Our house had two coal cellars under the pavement and we had half a ton of smokeless coal delivered into one of them soon after we moved in. Before the clean air act came in, our first winter was very smoggy and we could not see out car parked about 5 yards from the sitting room window. We didn’t discover that the floor under the cellar contained a second U bend, between the road and the one our builder had checked when he checked our drains, until the second bend caved in under the weight of the coal, and our drains backed up into what we were intending to become our dining room. Since John had flu that weekend, I shovelled half a ton of coal from one cellar to the other one. We were very lucky to find, via Monty, a sewer man who did not mind digging out the second U bend by hand: there was no room in the cellar to swing a pick in a space that was also far to small for any of the mechanical diggers of the day. When the council came to relay paving stones in the street, he used to lay a thick layer of polythene under the sand overnight and replace the sand, so that when the workmen returned in the morning they didn’t see it and just laid the paving stones on top. That way our cellar was dry and John began to store his beer and wine in it.
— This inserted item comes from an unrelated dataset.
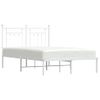 Cama Matrimonial | Cama Para Adultos | Estructura De Cama De Metal Con Cabecero Blanca 135x190 Cm Cfw990539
We did not notice the Nazis at first. Their shop front didn’t reveal anything to begin it. It just looked dirty and closed. But one day very offensive things began to appear in their window; a huge swastika, copies of Mein Kampf, and I particularly remember a spine-chilling notice saying "Hitler was right". We were as angry as any of the locals who had given their all to fight in the last war. Sometimes people would come out of the pub on a Saturday night, walk up the road, see the swastika and throw the nearest hard object through the window. We then had to watch the police protecting them from us, which enraged us further. As the Nazis became a more aggressive presence, demonstrations against them began and I remember one evening seeing people coming down the road collecting empty milk bottles from doorsteps. We put up the shutters and sat tight. Another day, there was a lot of publicity
because Colin Jordan was going to marry and mingle his blood with his bride’s on the ’altar of naziism’. A big crowd collected to boo the happy couple and in the middle of it all came a coach load of elderly women on an outing, whose driver had got lost. The police at first thought that they were demonstrators and it took a while to sort it all out. Mr Benton, who ran the shoe shop next door to the nazis could not get house insurance any more. People used to come up Pottery Lane which runs behind both houses and throw things through the windows, hitting the wrong one.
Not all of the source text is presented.